## DESCRIPTION OF THE TASK
Look through the records below for the line with "Pudvi Times Live" and the line with "Is halo infinite still being developed?", then return those lines and all lines between, exactly.

## PROVIDED RECORDS
▼

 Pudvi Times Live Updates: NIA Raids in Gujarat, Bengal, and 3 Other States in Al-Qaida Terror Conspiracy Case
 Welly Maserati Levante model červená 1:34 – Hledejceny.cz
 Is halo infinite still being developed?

▲
▼

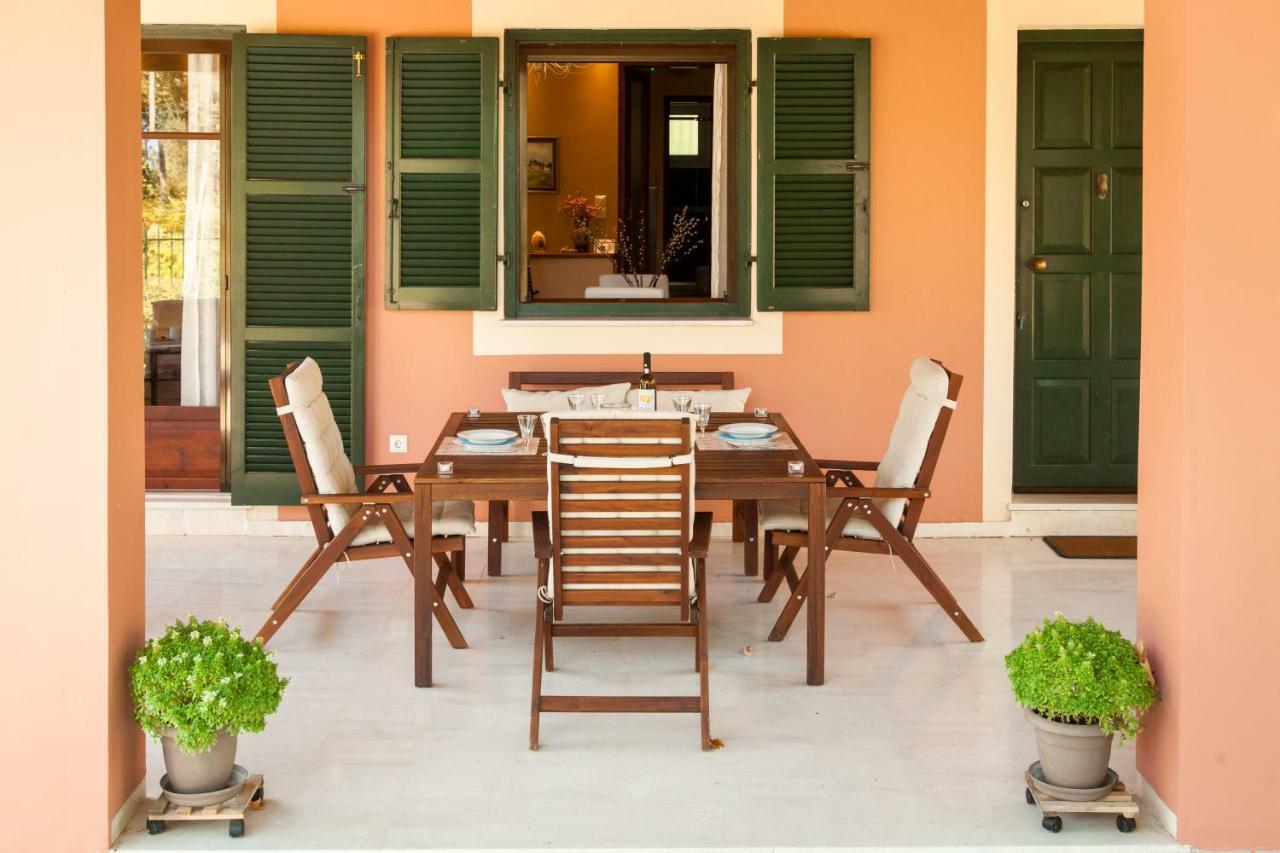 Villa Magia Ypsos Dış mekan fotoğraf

▲
▼

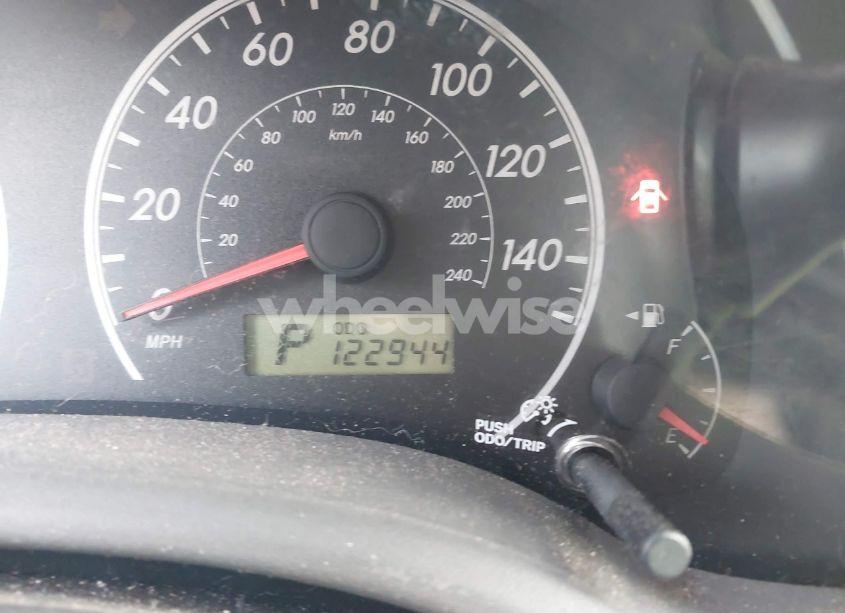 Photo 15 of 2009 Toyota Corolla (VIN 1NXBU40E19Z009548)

▲

## ANSWER SECTION
 Pudvi Times Live Updates: NIA Raids in Gujarat, Bengal, and 3 Other States in Al-Qaida Terror Conspiracy Case
 Welly Maserati Levante model červená 1:34 – Hledejceny.cz
 Is halo infinite still being developed?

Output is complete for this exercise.